Alfredo Pérez Rubalcaba ya es el candidato oficial del PSOE a las próximas elecciones generales. El ex Vicepresidente del Gobierno pretende concurrir a los próximos comicios con un programa “realista y reformista”. Hace pocos días afirmó en público que conocía la fórmula para crear empleo, cosa que creó todavía más estupefacción cuando aún hoy ostenta el cargo en un gobierno que ha sido incapaz de hacerlo desde que se inició la crisis. Como él mismo afirmó en su comparecencia de ayer ante los medios para anunciar que abandona su cargo: “cosas de la política”.
Algunos de los ejes de dicho programa que se han desvelado para los medios son el impulsar fórmulas de mejora de la calidad democrática y una afirmación un tanto pretenciosa, que “la crisis no puede tener un coste cero” para los bancos. Dos propuestas que apuntan directamente al corazón del Movimiento 15-M. Nada más de momento, ninguna otra referencia a la amplia lista de reivindicaciones de los indignados.

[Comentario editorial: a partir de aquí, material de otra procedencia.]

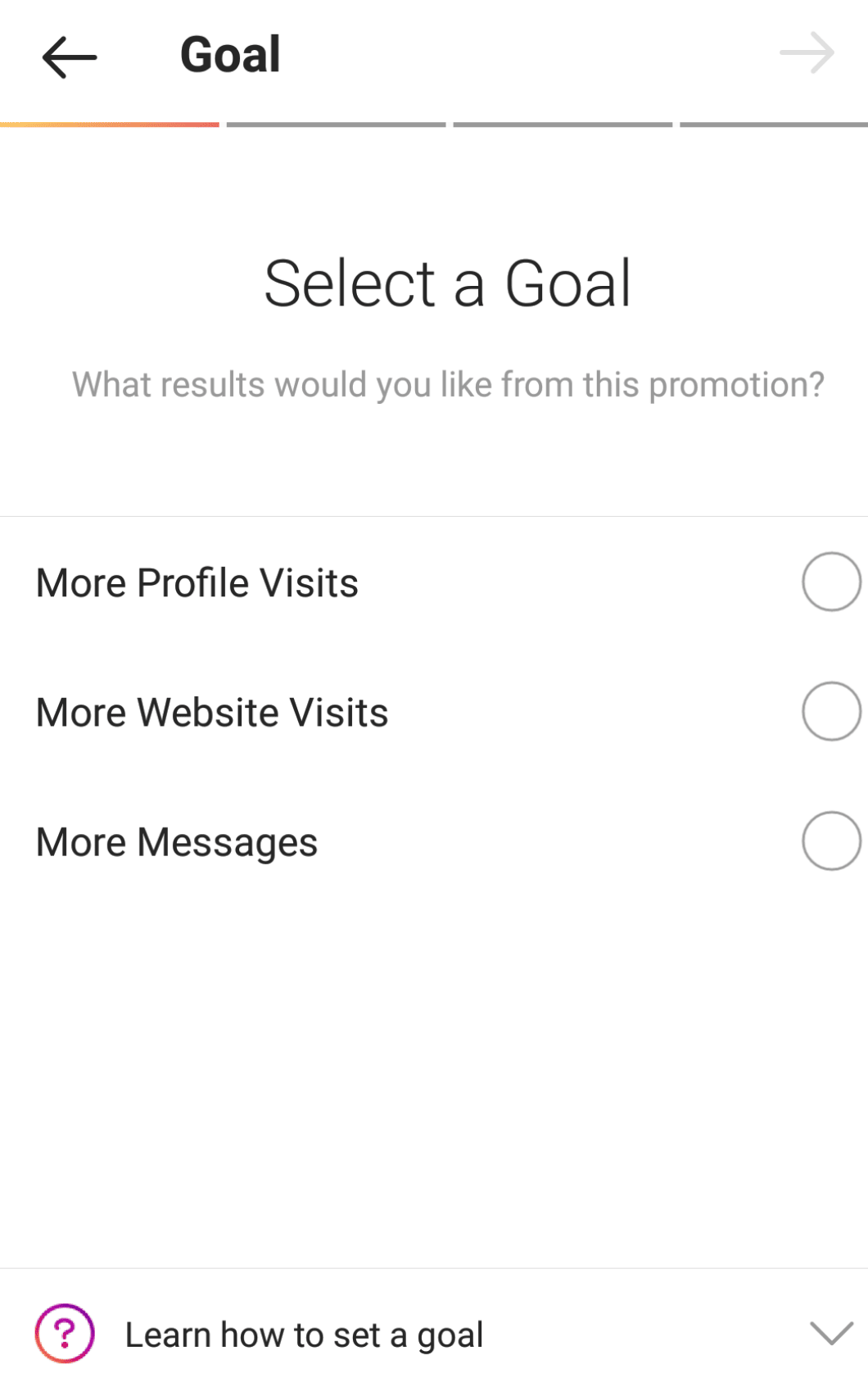 Select a goal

Pero la recuperación de la credibilidad de la política que pretende Rubalcaba y de la confianza perdida de los ciudadanos no puede ser tan fácil como para inscribirse en dos promesas de las que luego habría que comprobar su intención de cumplimiento y en qué medida o profundidad. A pesar de que ha asegurado que no prometerá “cosas que no pueda cumplir”.

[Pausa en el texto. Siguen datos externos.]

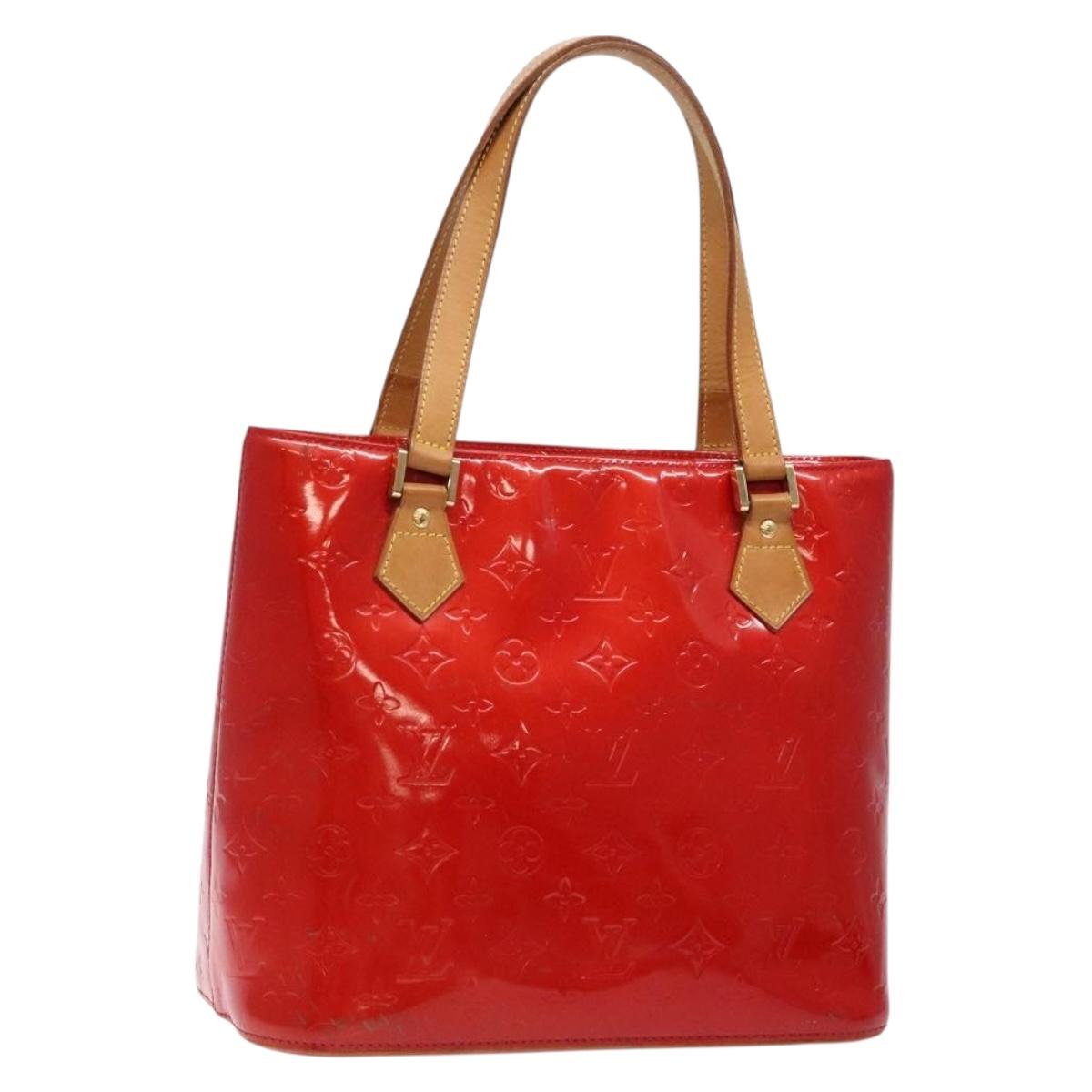 LOUIS VUITTON Monogram Vernis Houston Hand Bag Red M91092 LV Auth ep10186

Ya la propia elección del candidato en el seno interno del partido socialista ha dejado bastante que desear, por su falta de transparencia y por la imposición desde la cúpula de impedir el debate interno de ideas que buena parte de la militancia exigía. Se vetó la candidatura de Carmen Chacón, que proponía un giro a la izquierda en lo referente a la autonomía de la política frente a los grandes poderes económicos.
Precisamente, uno de los que con más cerrazón se opuso a esta opción fue el propio Rubalcaba que, junto con Pepe Blanco, amenazó con la celebración de un congreso extraordinario que supondría la inmediata dimisión de Zapatero si se apostaba por unas primarias con Chacón como aspirante. Rubalcaba defiende que un giro de tales características no tiene posibilidades y que situaría al PSOE en una situación de máximo peligro ante las próximas elecciones generales y su más que previsible paso a la oposición.
La maniobra en sí no deja de engrasarse en función de lo que se barajó desde un principio cuando su nombre se barajó como posible sucesor de Zapatero: perder con la mayor dignidad posible y evitar que la derrota se convierta en otro varapalo de magnitudes similares o peores a las de las últimas municipales. En definitiva, perder la menor cuota de poder posible. Porque, por más que le pese al 15-M, la política en este país, tanto a nivel general como en interno de los partidos, se sigue gestionando bajo el imperioso mandato de las ecuaciones de poder.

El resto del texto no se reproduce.